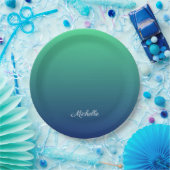 Gepersonaliseerd groen en blauw ombre papieren bordje (Feest)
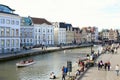 Beautiful Graslei along the river in Belgian medieval city of Ghent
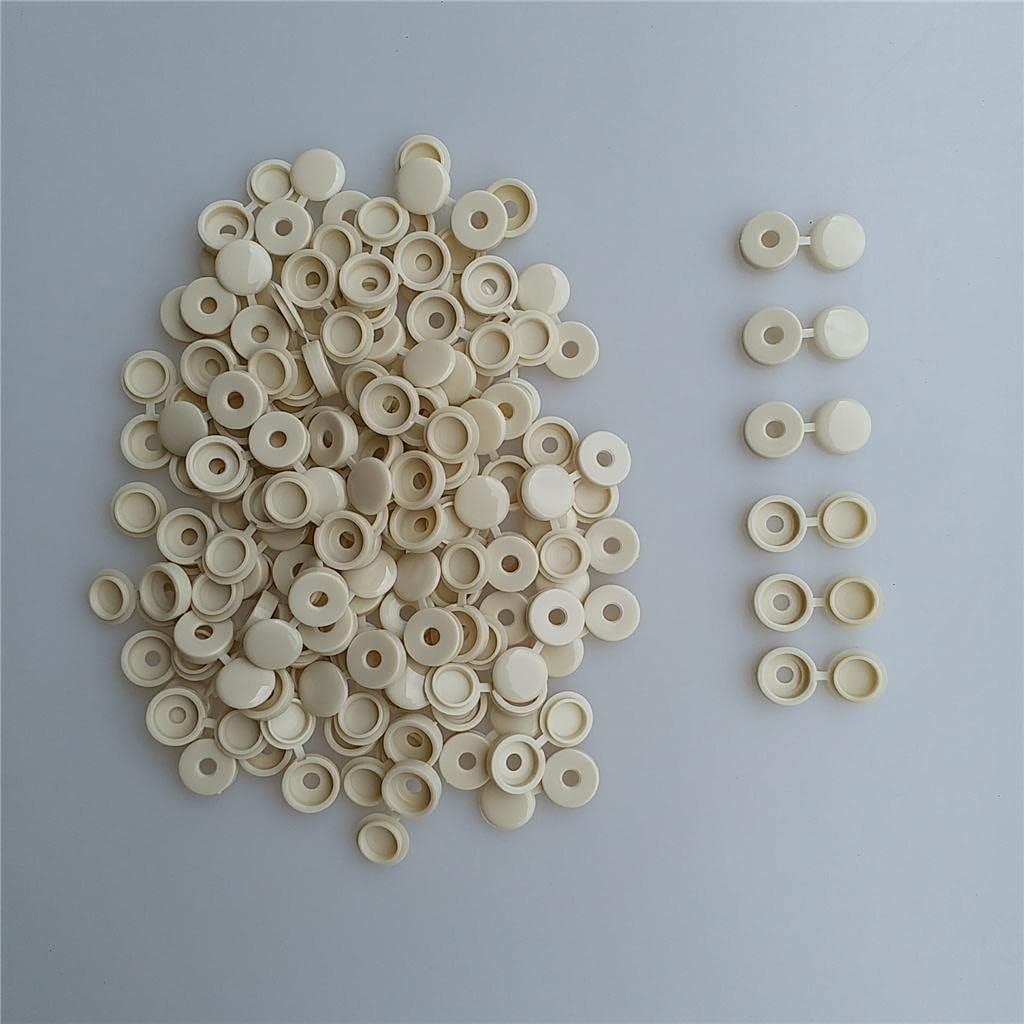 100Pcs Plastic Hinged Screw Cover Fold Part for Car Home Decor - Beige, 4.1mm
______________________________
> [TASK PROMPT]: Down to the last line, set down the data above exactly, and omit all images.

> [YOUR SOLUTION]:
 Gepersonaliseerd groen en blauw ombre papieren bordje (Feest)
 Beautiful Graslei along the river in Belgian medieval city of Ghent
 100Pcs Plastic Hinged Screw Cover Fold Part for Car Home Decor - Beige, 4.1mm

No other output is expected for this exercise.